I’ve learned to process regrets and to remove them. I’m no longer as quick at it as I once was, but I can still do it. What I’m learning right now is that I don’t think I’ve ever had a regret that I didn’t want to let go. Those are a different beast entirely and something I’m not sure I’m going to be able to handle nearly as well as past regrets. I don’t really know how to let go of or process something that I still want more than I’m willing to admit to myself most of the time.

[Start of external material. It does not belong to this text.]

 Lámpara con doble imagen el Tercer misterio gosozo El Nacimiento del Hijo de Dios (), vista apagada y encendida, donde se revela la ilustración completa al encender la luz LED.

I don’t regret that it happened. I don’t regret anything in regards to how it went. What I regret is that it ended. I regret that we weren’t able to work it out. I regret that we weren’t right for each other and no amount of wishing on our part would fix it. Even working at it wasn’t enough, in the end. It was the right decision and I know it. I even feel it. I just regret that it was a decision we had to make and I probably will for a while. I need more time to process this before I’m ready to let go of this regret, but I’m certain I will eventually.

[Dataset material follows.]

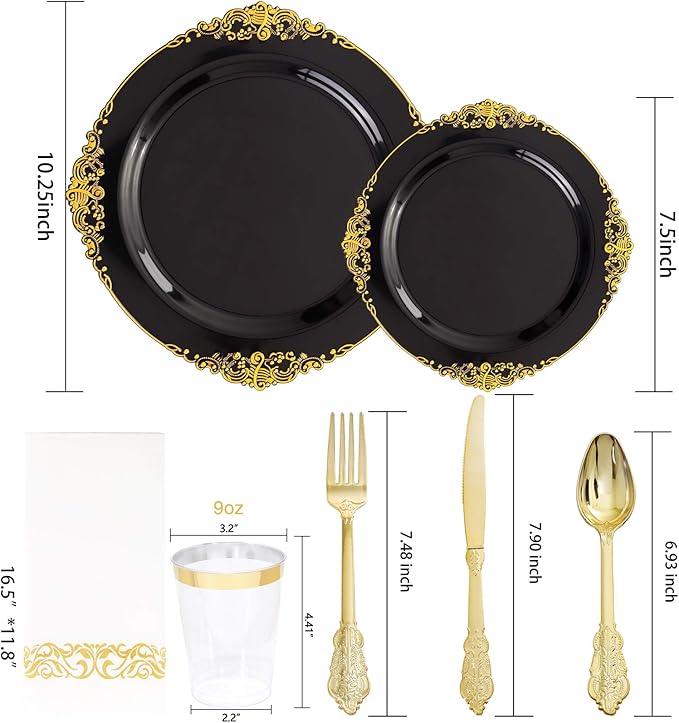 Hioasis 175pcs Black and Gold Plates - Black Party Plates for 25 Guest, Include 50 Heavy-duty Plates(20% Thicker Than Standard), 75 Cutlery Set, 25 Napkin, 25 Cups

It just sucks right now. Everything sucks right now because regrets will expand to fill every hole in your time and attention. Soon, I will start to peel it away from me. Extricate it from my life. Pack it up and process it. In a week, a month, or maybe more, I will be back to feeling no regret, but I’m not going to hurry it up. Instead, I’m going to cut myself some slack, mourn the end of an important relationship, try to reclaim the parts of my life that had become about the two of us, and then prepare myself for the reformed relationship that’ll form out of this one when we’re both ready.
Someday. Eventually. Like I said, I’m not going to put myself on a timeline. I’m going to let myself regret and heal at my own pace. I owe myself that much.